Tips to superb stir frying:
- Use fresh ingredients. Unlike soup where you can get away with vegetables that have seen better days, a stir fry requires vegetables at their best.
- Peel, core, chop, dice, and slice all vegetables in advance. This dish cooks so quickly that you won’t have time to prepare them as you go.
- Use chicken, beef, or vegetable broth/bouillon rather than oil.
- Start with the vegetables that will take the longest to cook (onions, cabbage, green zucchini) and end with those that hardly need cooking (bean sprouts).
- Be creative. The wonderful thing about a stir fry is that you can use any vegetables that you want.
- ½ cup chicken broth
- 1 yellow onion, diced, or 1 bunch of green onions, sliced (or both if you love onions!)
- 2 tbsp. minced garlic
- 1 tbsp. minced ginger
- ¼ cup soy sauce
- ½ head cabbage, diced (I prefer napa cabbage but any cabbage is fine)
- 2 green zucchini, cut in half length-wise and sliced
- ½ lb. mushrooms, sliced
- 2 cups bok choy, chopped
- ½ lb. firm tofu cut into small cubes (optional)
- 2-3 cups bean sprouts
Sautéeing Tip: Many recipes call for onions, garlic and other spices to be sautéed in oil to release their flavours. I mix 2 tbsp. chicken broth powder and ½ cup of water as a replacement for oil. This mixture will thickens as the onion and garlic cook.

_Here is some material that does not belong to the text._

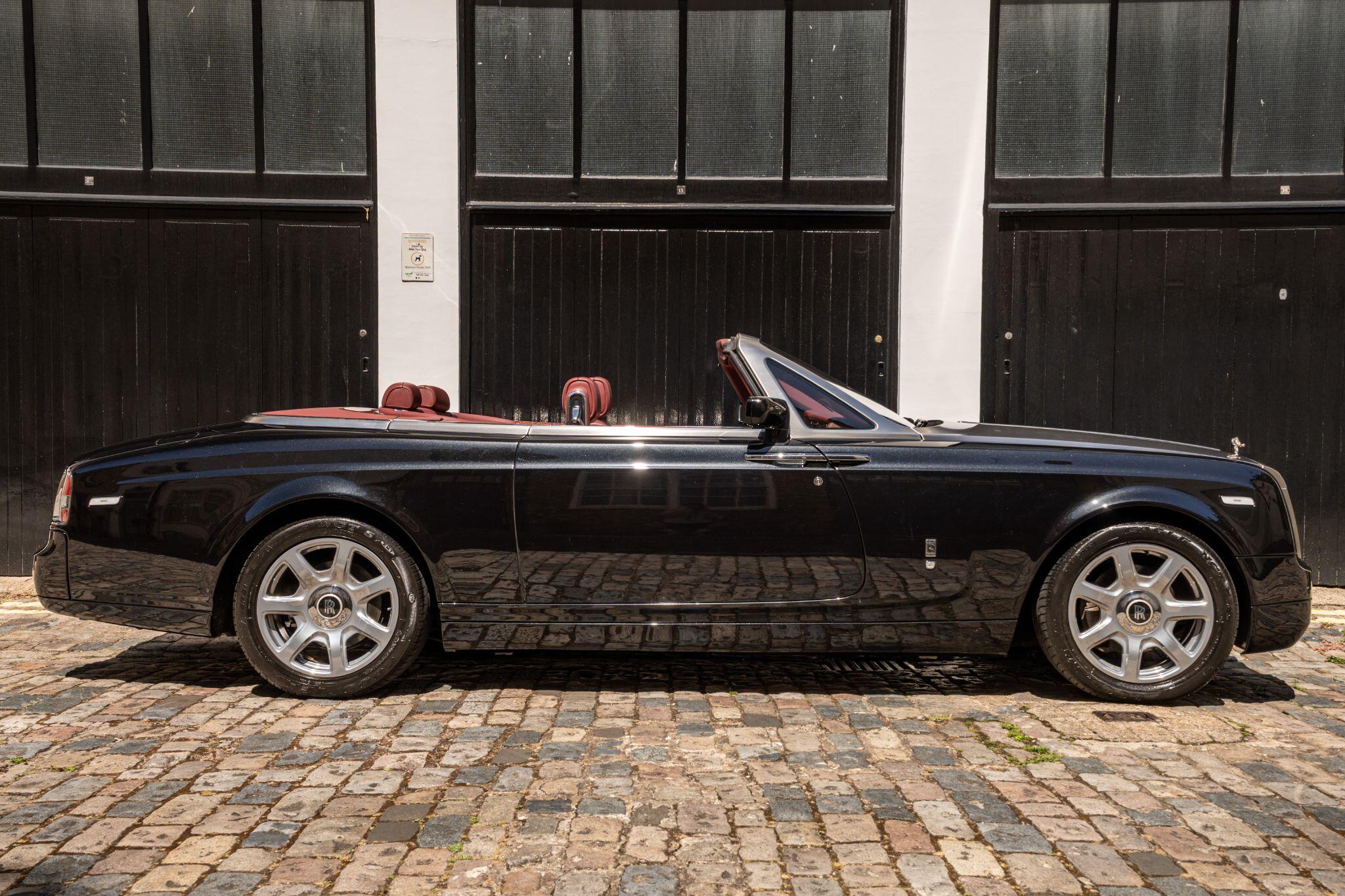 Rolls-Royce Phantom view 14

- Put ½ cup chicken broth (see tip above) in a wok or large fry pan (that has a cover) over medium to high heat.
- When broth is bubbling, add onion or green onions, garlic, and ginger.
- Sauté until onion is soft (add a little more broth if onion starts to stick).
- Add soy sauce, cabbage, zucchini, mushroom, and bok choy.
- Mix and cover for 1 minute, then mix and cover again (this allows the vegetables to cook by steaming)
- Continue until vegetables are soft.
- Add tofu, if desired, and mix well.
- Add bean sprouts as a top layer.
- Cover and cook for approximately 2 minutes. Sprouts should be hot but crunchy.
- Serve with a slotted spoon (you may have more liquid than you need).
- Salt your serving to taste or add more soy sauce.
For Weight Watchers: 0 points on both the Points and PointsPlus plan, unless you add tofu. If you do, calculate the total tofu points and divide by number of cups of stir fry you have made.